Image of Slim Aarons: Women: Photographs
Author(s): 
Release Date: 
October 3, 2016
Publisher/Imprint: 
Abrams
Pages: 
240
Reviewed by: 

Slim Aarons: Women is one of the most vividly and luxuriously documented books of its genre. A huge debt of gratitude goes to Laura Hawk for taking on a task that can be classified as nothing less than a veritable visual orgy of delights. Slim Aarons was indeed a photographer of great distinction as his subjects in this book demonstrate. These are women of distinction, not necessarily women who were considered to be conventionally beautiful. The jet set, the social register, and the royal families of Europe provided an endless parade of well connected, well maintained, and highly respected women who might have been more readily recognized for their breeding, blood lines, money, or station in life rather than their beauty.

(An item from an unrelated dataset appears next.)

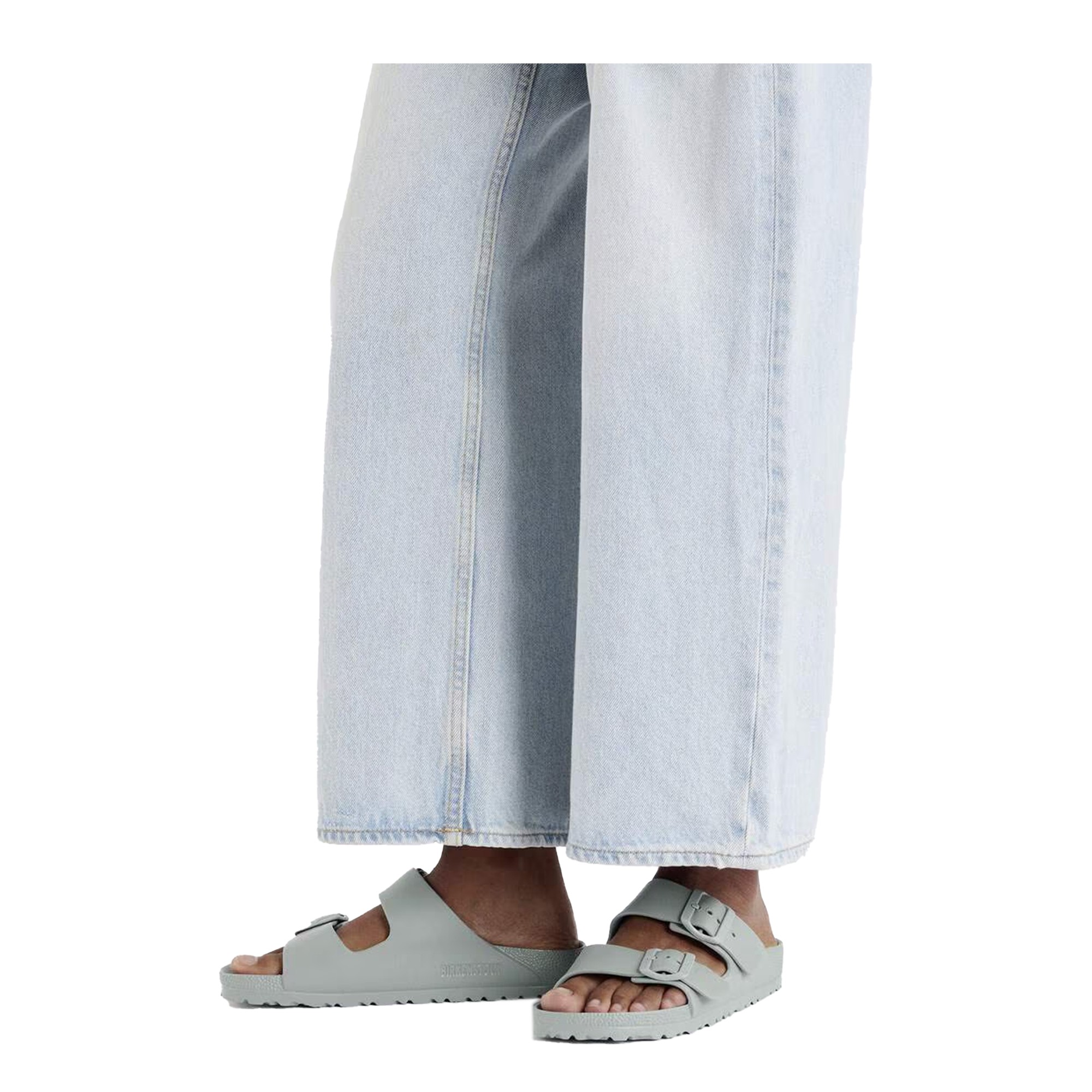 sandalia-2-hebillas-goma-verde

After returning from World War II with a purple heart, the young Mr. Aarons stated that “from now on I’m going to walk on the sunny side of the street. I’m going to have fun photographing attractive people doing attractive things in attractive places, and maybe take some attractive photographs.” This is precisely how he spent his career. His idea of the sunny side of the street happened to be  places such as Marbella, Gstaad, his beloved Palm Beach, Sardinia, Acapulco and just about anywhere that the rich and privileged congregated at their leisure.

One of the things that the reader should be prepared for is that Slim Aarons was no snap shot studio photographer; his set ups and locations were legendary during a career that spanned more than 50 years chronicling the comings and goings of this minute population of the privileged. This was a man who set his own standards and rules as well as having an extremely rarefied point of view as to how these women should be remembered with just a click. He wasn’t so much interested in fashion as he was in capturing a moment, a split second that had been orchestrated and defined by him.

Hawk offers wonderfully informative text accompanying each image, whether about the subject herself, Aarons’ history, the set up or the raison d’etre for that particular photo. In addition to all that she relates her personal firsthand accounts of circumstances that surrounded her working relationship with this modern master of photography.

A particular favorite anecdotal instance was when he photographed the Viscomtesse Jacqueline de Ribes whose demeanor surely befits her title. With Aarons’ affable self-assuredness he referred to her as Jackie! It might be said and she admitted that no one had ever caller her Jackie and it might be added that no one would ever have dared to do so, but he did, and she took it like the grande dame she is.

This is a book for so many readers whose frames of reference might vary from playgrounds of the rich and famous, the social register, and a remembrance of an era of great wealth and surely of when life was hugely different than it is today. Oh yes, one mustn’t forget that this is a book about photography and one of the greatest photographers of the 20th century. This is the ultimate coffee table book that enlightens the reader via an oeuvre that is unparalleled within the sphere of photography.